Following McCallum was a special presentation by Harry Hull, president of the Glendale College Foundation.
Hull said the global stock market collapse has affected the college and the invested endowment assets have taken a major hit. However, the college has a very long term horizon for investments and there is an experienced financial committee, who are closely watching the college’s funds.
“We have the benefit of being able to tap into the resources of a very capable fund manager at Capital Guardian. We have investments in U.S. companies and the best companies around the world,” said Hull.
“You [the board] should know that we have a diversified portfolio and we have an investment strategy and a spending plan that we think are going to help to hold up our endowments in spite of the global crisis.”
Hull said this has been an unprecedented rocky year in the stock market and our assets are down significantly in the short term.
“Our foundation has an incredible history of service to this college,” said Hull, “When you walk around the campus you see the results of our efforts in a lot of places, from the football field and the scoreboard, to the planetarium, to the new health science building, to many other places; this foundation has long supported a lot of areas in the college.”
“But now we are excited to be looking at an area where we haven’t directly touched in the past and that’s the theater arts department. We have a committee reviewing the possibility of helping to fund a major renovation of the auditorium from the seats, to the lighting to the stage lift and other areas,” said Hull.
Hull said this will help the college attract students who are enthusiastic about the arts.
The governor has a half tax increase, half budget cut approach to the state budget.
The third special presentation was given by Steve Marsden, faculty guild chief negotiator and math professor.
“This is the worst budget disaster I’ve ever seen and I’ve been here [a long time],” said Marsden, “but there’s a difference between crisis mode and going-into-panic mode and I worry that some of you [on the board] may not just get it, so let me provide a little bit of history. At least once per decade we have a major budget crisis here. If we all come together beforehand to provide, we survive by what’s called ‘institutional pruning,’ otherwise known as reprioritization with limited resources.”
Institutional pruning is when budgets are slashed, programs and people disappear and students suffer, said Marsden.
According to Marsden, if the faculty and board don’t join forces, students will suffer even more.
Marsden went on to say that in these times leadership is important, citing the board’s reliance on lawyers to the tune of $330,000, said “we don’t need lawyers as much as we need leaders.”leadership versus process, Marsden said, “This place is not about process, it’s about people.”
“And make no mistake – this faculty is here today, not asking for a damn dime – we’re demanding that you listen to our leaders because we’re behind them 100 percent,” said Marsden.
To Victor King, board of trustees president, Marsden said, “We don’t want to run GCC, but we do expect to be heard and to play a strong role helping the college to survive this perfect storm of a budget crisis. That is our custom. That is our right.”

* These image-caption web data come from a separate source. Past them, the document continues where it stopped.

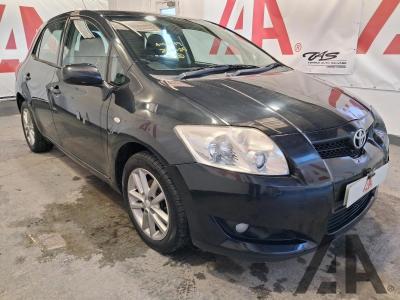 Image of 2009 TOYOTA AURIS TR VVT-I S/S 1329cc PETROL MANUAL 6 Speed 5 DOOR HATCHBACK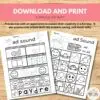 These awesome worksheets are like secret agents on a mission to supercharge kids' phonics skills and conquer the mighty "ad" sound in the most epic way possible! With exciting coloring quests and brain-teasing word hunts, each task is a treasure trove of fun waiting to be explored. Parents and teachers are in for a treat with this mix of activities that spark imagination and puzzle-solving skills. Get ready to dive into a colorful world of "ad" words armed with crayons, pencils, and a spirit of adventure!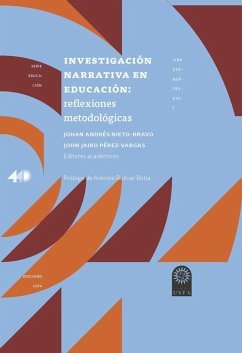 Cover Investigación narrativa en educación: (eBook, ePUB)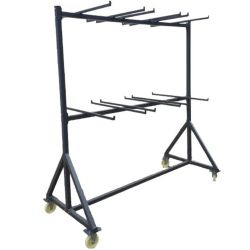 Chariot de stockage pour 52 chaises polypro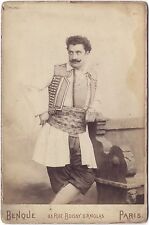 Baritone Maurice Renaud in the Black Mountain by Augusta Holmès Opéra Paris 1895 picture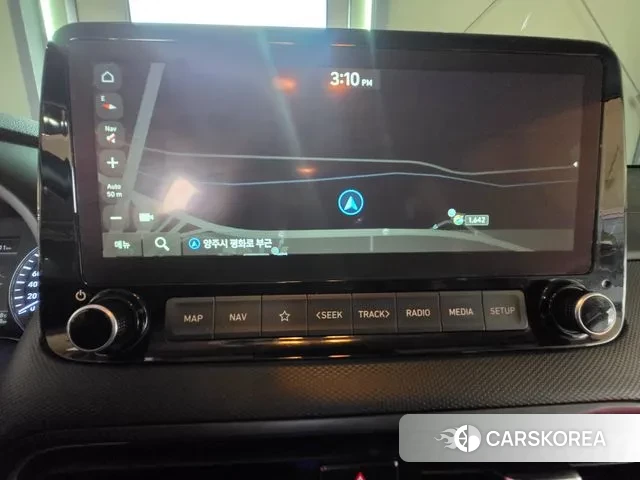 Hyundai The New Kona Hybrid 2021 Серый из Кореи, фото 2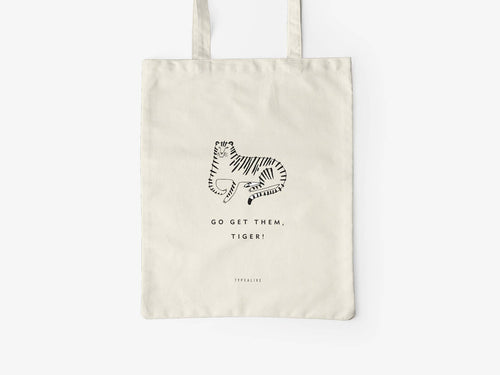 Tote bag "Tiger"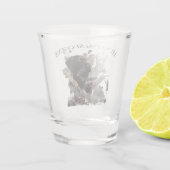 Jagderfolg,Deutsch Drahthaar Schnapsglas (Rückseite)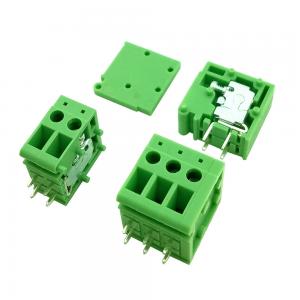 China 5.00mm / 7.50mm Pitch PCB Mounted Screw Terminal Blocks Combination supplier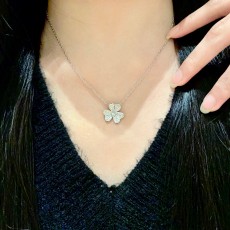 Van Cleef & Arpels VCA · 반클리프 아펠 알함브라 펜던트 목걸이 악세사리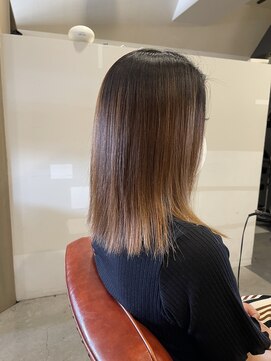 ソラーナバイマニスオブヘアー(SOLANA by Manis of hair) 髪質改善ストレート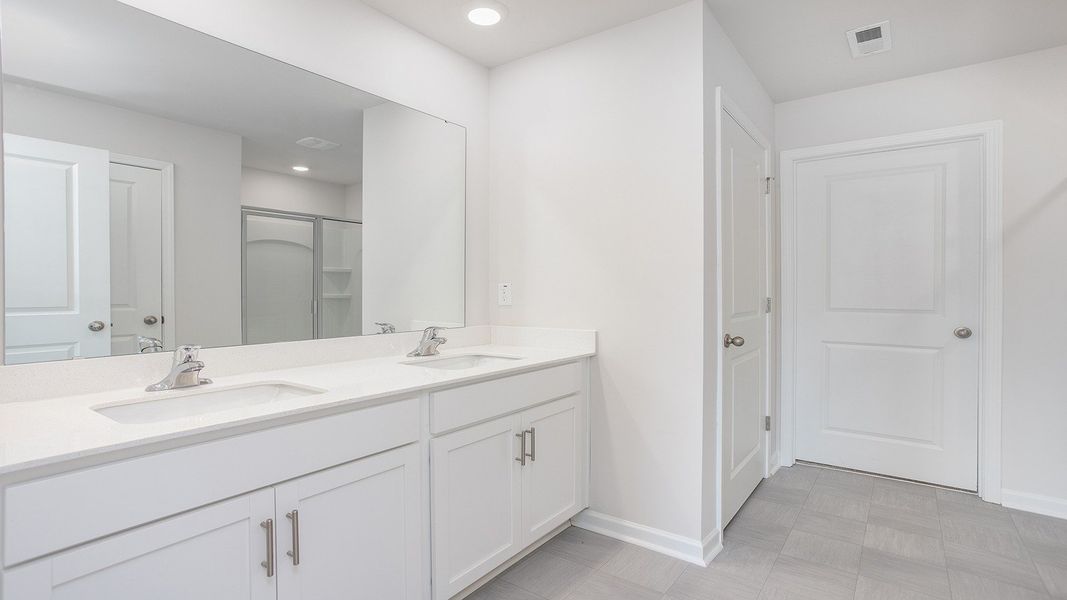 Furnished interior view inside a new home in Middleton, Greensboro (Image 5).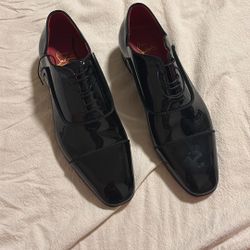 christian louboutin mens leather shoes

To Steve Ferguson, student trustee who said the 1 percent pay raise was “anti-student,” Marsden said that the 1 percent pay raise that was passed was not about money, but maintaining the last shred of dignity that allows the faculty to do their jobs.
“You know my biggest fear for this place is not that we end up battling each other for priorities, because we’ll outlast you,” said Marsden, “My biggest fear is that your actions or inactions will end up completely destroying the passion that drives GCC. And I’m worried that we’re going to turn this place into just another job location, where the staff shows up, puts in the minimal time and effort and goes home. Now that’s really anti-student.”
Marsden said that almost all the student programs are faculty conceived and implemented and are fueled by faculty energy.
He said the board seems to be singling the faculty out as part of the problem of the budget crisis.
“We’re [the faculty] not part of the problem, we’re part of the solution,” he said.
There was clapping and hooting from the audience members at every pause during Marsden’s speech.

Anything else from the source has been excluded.